**YOUR GOAL**
In the records below, the relevant part opens with the line containing "RÍOS DE SANGRE" and closes with the line containing "Las compras navide�as"; print that part exactly and only, without its pictures.

**INFORMATION SUPPLIED**
================

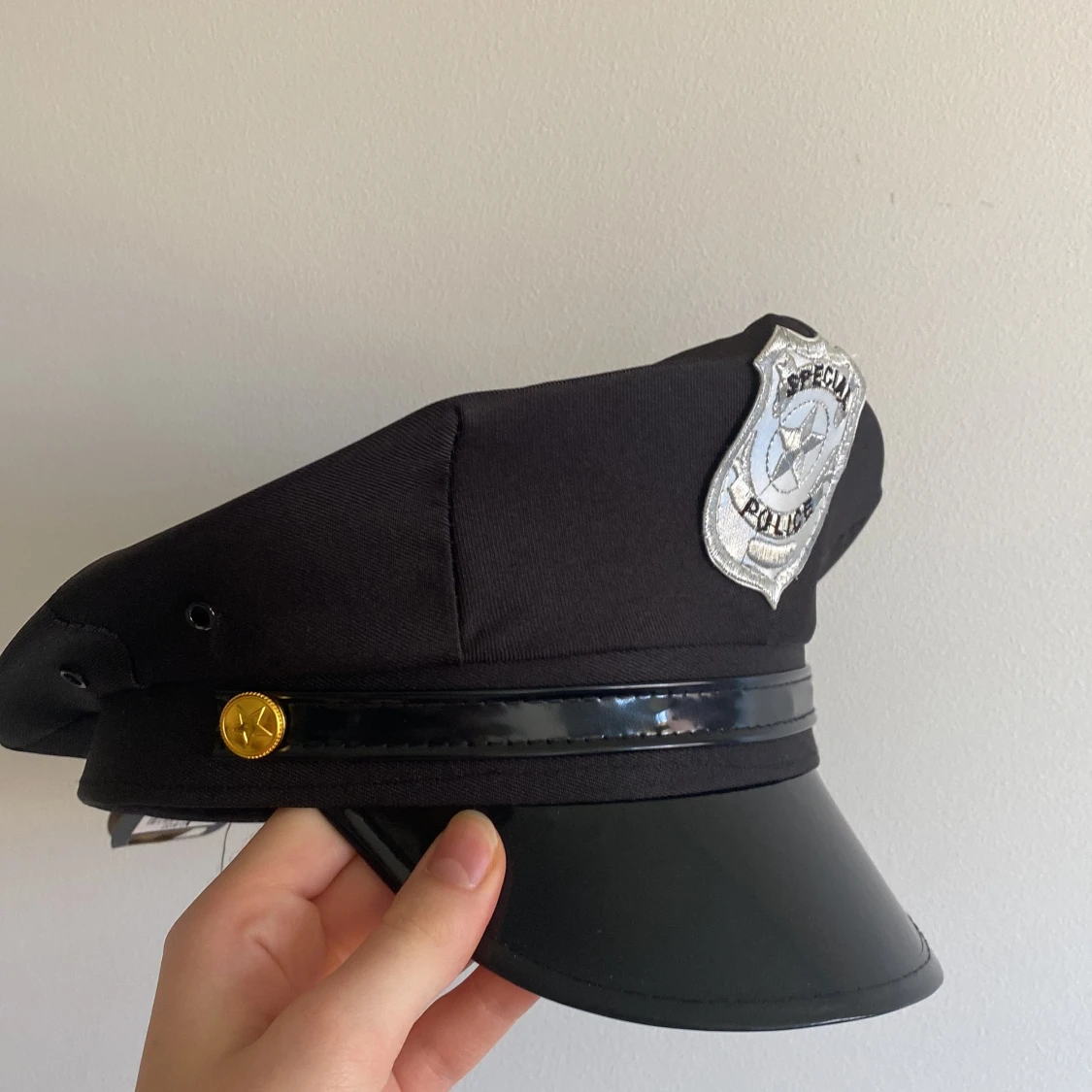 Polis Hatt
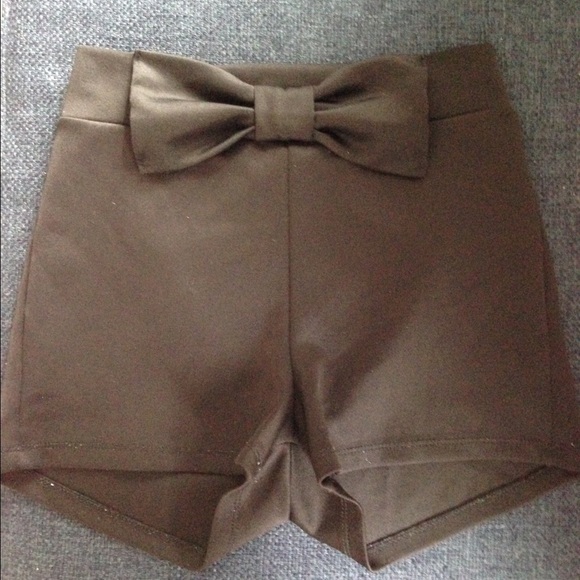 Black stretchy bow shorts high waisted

================

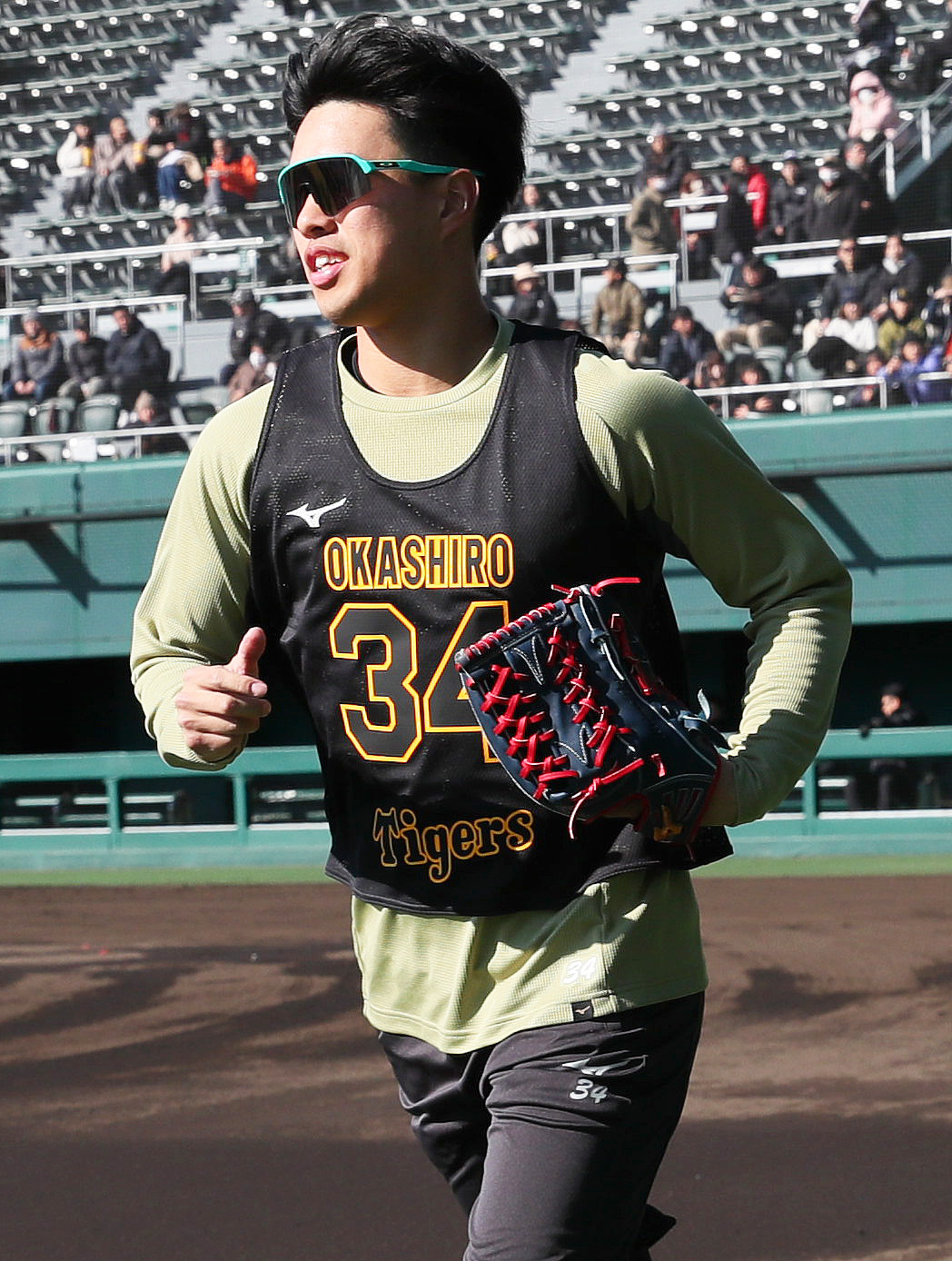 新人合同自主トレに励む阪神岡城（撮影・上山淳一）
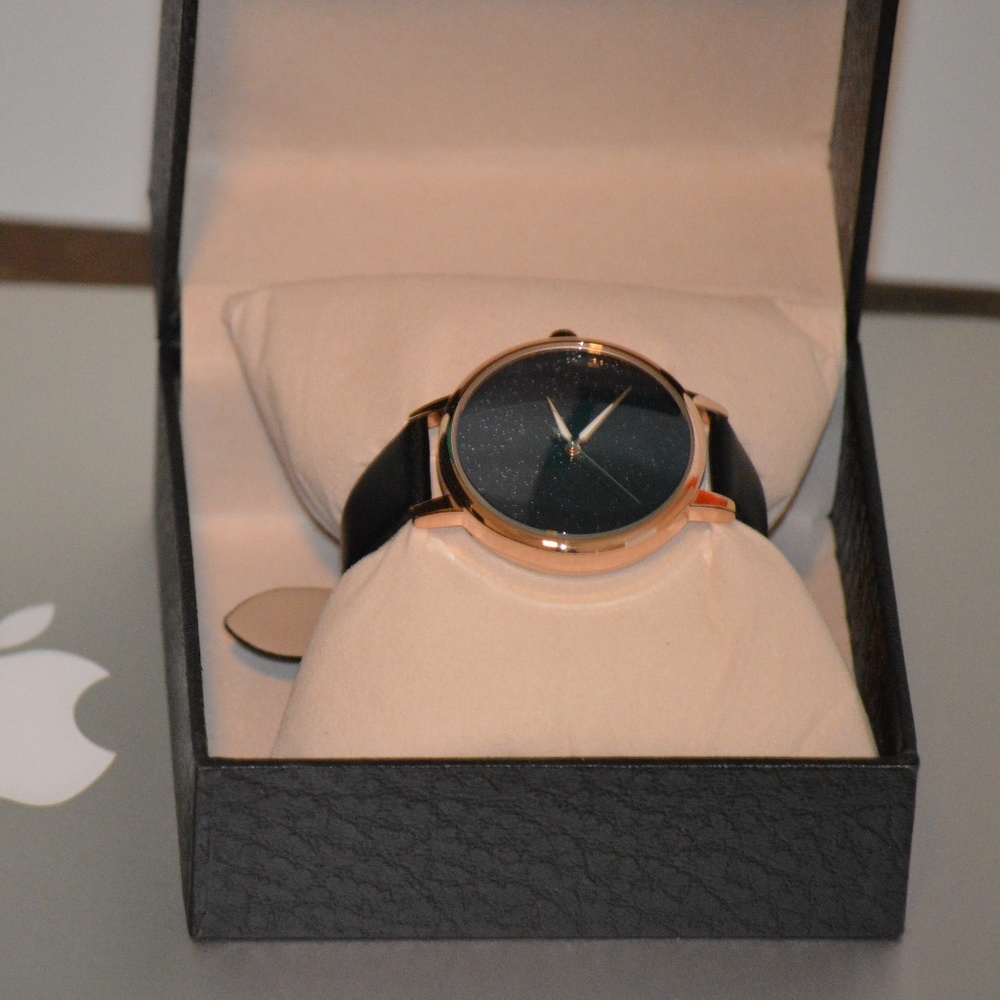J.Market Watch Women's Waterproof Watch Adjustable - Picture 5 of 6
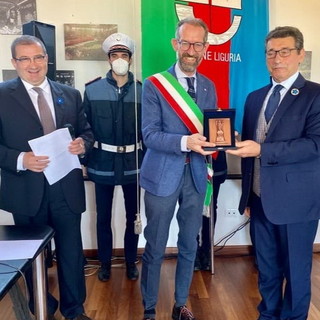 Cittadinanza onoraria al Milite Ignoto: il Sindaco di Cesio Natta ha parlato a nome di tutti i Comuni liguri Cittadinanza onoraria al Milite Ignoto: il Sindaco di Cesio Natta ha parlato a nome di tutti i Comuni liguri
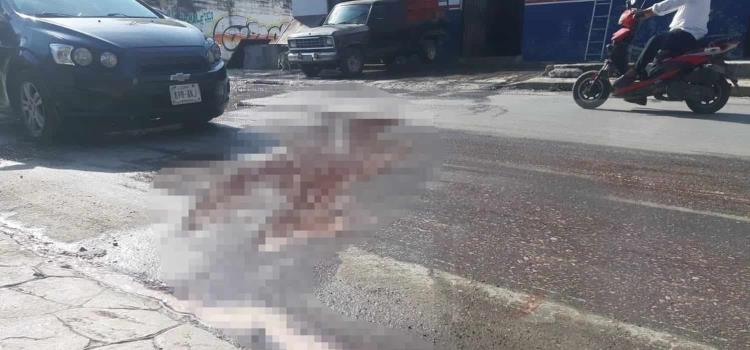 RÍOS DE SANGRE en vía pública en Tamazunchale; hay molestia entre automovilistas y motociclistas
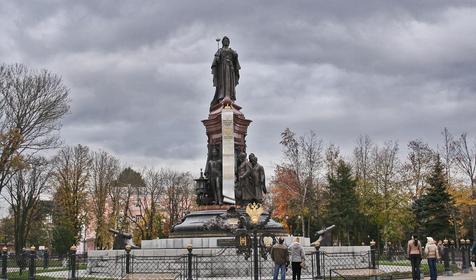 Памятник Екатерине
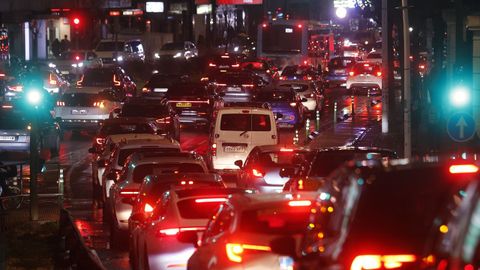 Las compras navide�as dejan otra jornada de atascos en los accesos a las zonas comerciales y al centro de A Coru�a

================

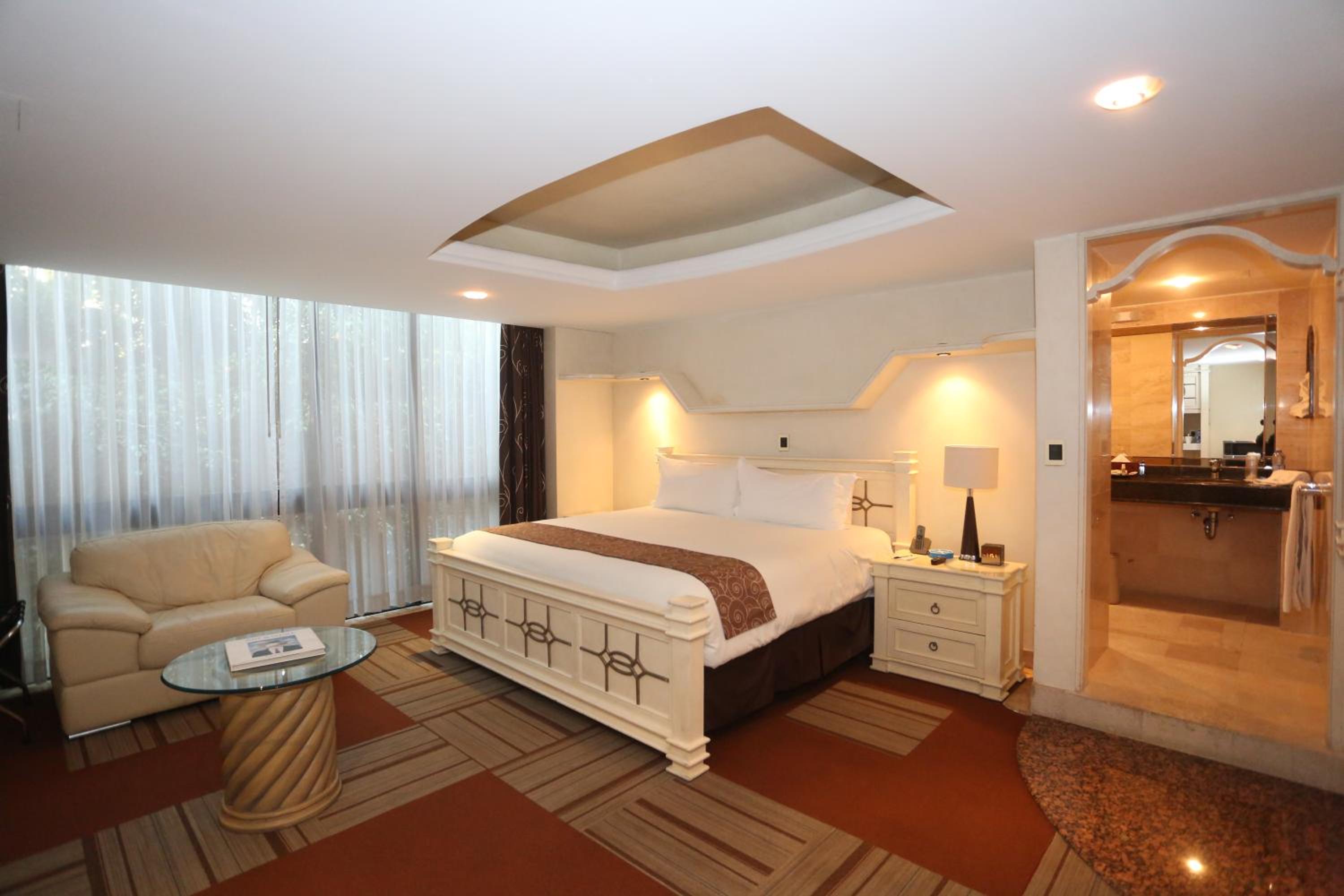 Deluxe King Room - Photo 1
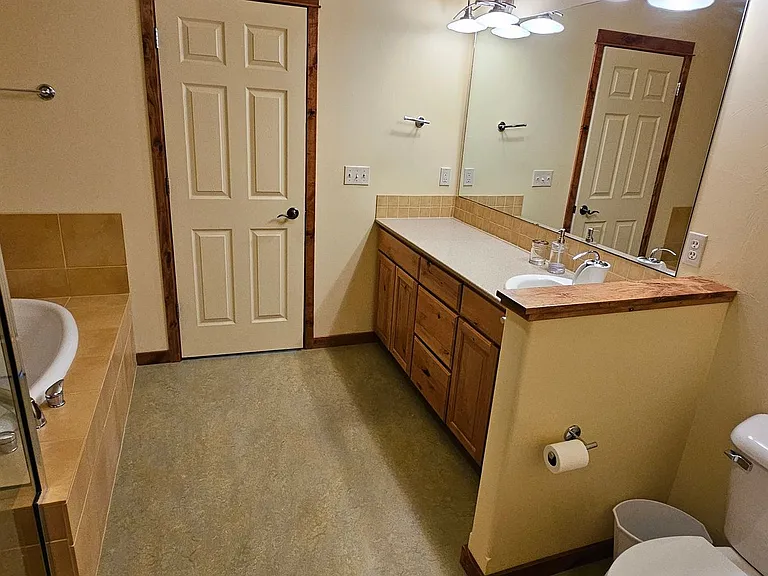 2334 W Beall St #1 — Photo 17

================

**ANSWER BELOW**
 RÍOS DE SANGRE en vía pública en Tamazunchale; hay molestia entre automovilistas y motociclistas
 Памятник Екатерине
 Las compras navide�as dejan otra jornada de atascos en los accesos a las zonas comerciales y al centro de A Coru�a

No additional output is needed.